Energy crisis additional incentive for EU to become active on JCPOA: Austrian professor
TEHRAN – A professor of political science at the University of Vienna has said that the current energy crisis in Europe could be an additional incentive for the European Union to play a more active role in the talks in Vienna over reviving the 2015 Iran nuclear deal, officially known as the JCPOA.
“I think that is an additional incentive for the European Union to become active,” Professor Heinz Gartner said in an exclusive interview with the Tehran Times.
Following is the first part of the full text of the interview:
Q: Regarding the JCPOA talks, most recently President Raisi met with French President Macron in New York and the French leader was very clear that he is not going to pressure the IAEA to close the files regarding the Safeguards issues. So it seems that Iran is insisting on its position and the E3 - France, Germany and the United Kingdom - are sticking to their position and not pressing the IAEA. In such a climate, do you think there is a stalemate in the talks?
A: Of course, there is a stalemate at the moment. Paradoxically, it’s about these safeguards files and Iran wants the files closed. And the E3 and director of the IAEA say it’s still open and still want some clarification, so we do have a stalemate. However, I have to say these safeguards issues are not direct part of the JCPOA; something outside of the JCPOA and the issue is twenty years old. Basically, that was not much of a problem in 2015. However, now, some member states and the director of the IAEA insist they have to have some clarifications... indirect link to the JCPOA. It does not refer to this special issue, but it’s an outside issue.

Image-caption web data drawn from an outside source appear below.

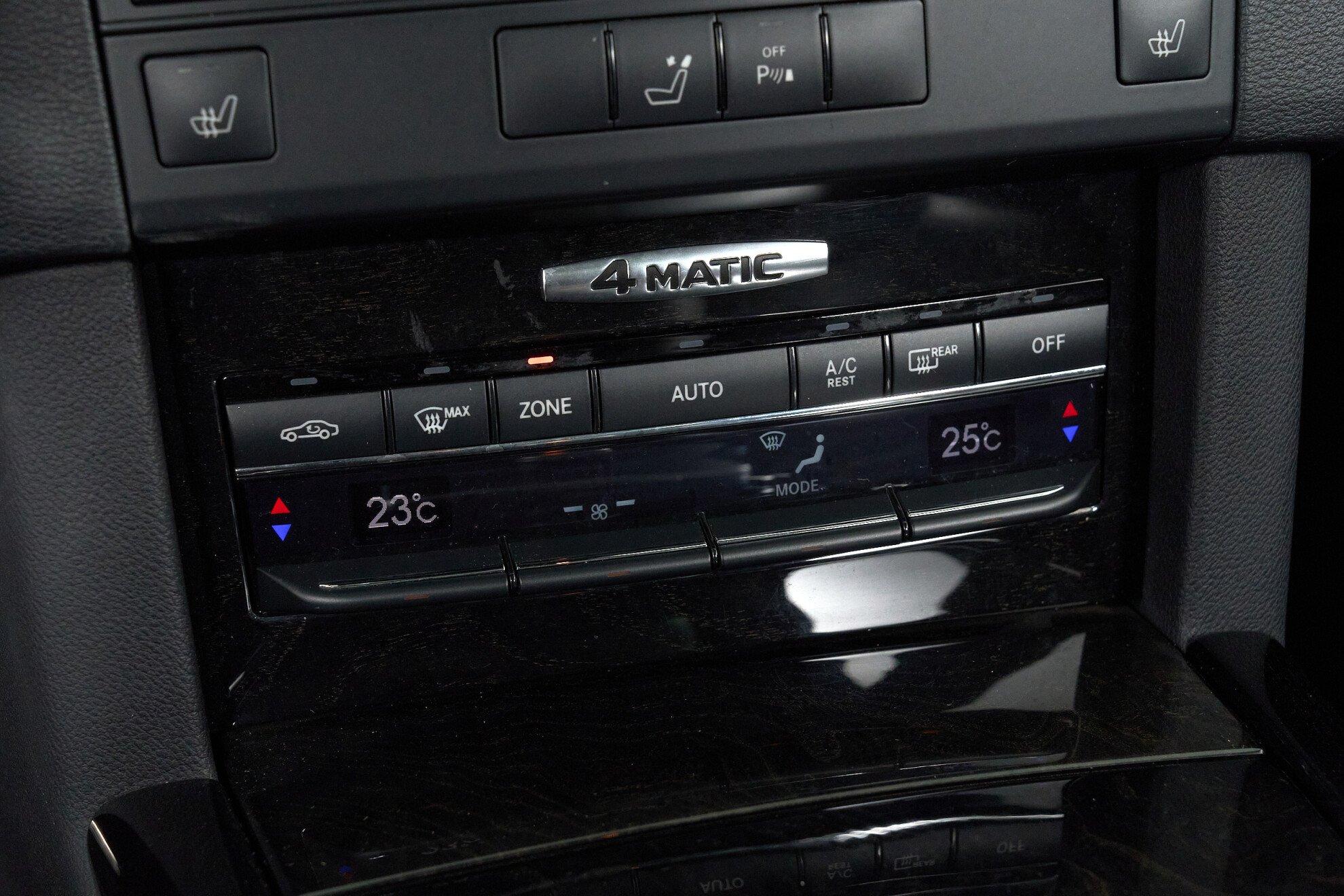 Mercedes-Benz E-Класс 2012, белый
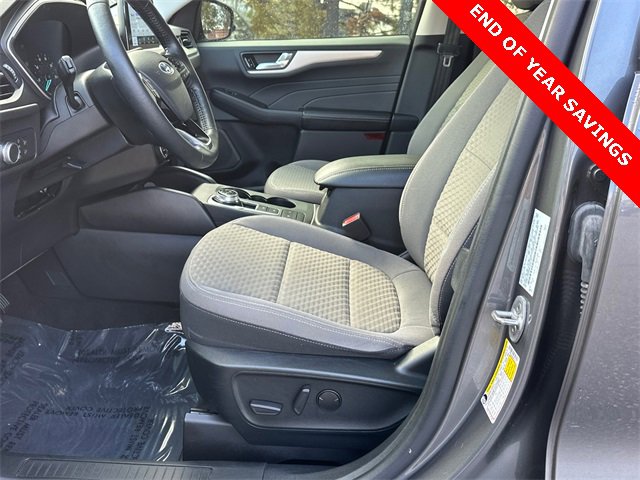 Certified 2021 Ford Escape SE w/ SE Sport Appearance Package image 9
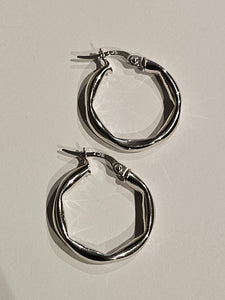 Hoop Earrings - 20mm - White Gold 10Kt - $368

“If there is no JCPOA, to my mind, it would be tragic not only for the nuclear issue but for the whole region, because Israel will cry foul.”I do think it’s paradoxical that an outside issue might be a stalemate for the JCPOA which is unfortunate. To my mind, it’s a minor issue. Of course, it’s important for Iran and it seems to be important for the E3 … to my mind it’s a minor issue which should be resolved. So there are three possibilities: one is that the stalemate will continue and we will not have JCPOA, which would be tragic. The second possibility would be that it will be solved before the JCPOA will be implemented; that would be the best solution.
The third one is a little bit shaky, that they agree to sign the JCPOA and the issue has to be solved within 120 days until JCPOA gets re-implemented; re-implementation, you call it that way. But if then still the IAEA comes and say that’s not solved and the JCPOA is in danger again. So, I don’t know what kind of flexibility is still possible; I’m not an engineer from the IAEA but I assume there are some technical compromises as well which I don’t know what it can be, but I assume that may be possible. Of course, now, all the sides are playing hard and that’s why we have a stalemate, but we have seen Iran has been very flexible in the past when it comes to the IRGC. So I get my guess that it could be solved before the JCPOA will be signed (revived).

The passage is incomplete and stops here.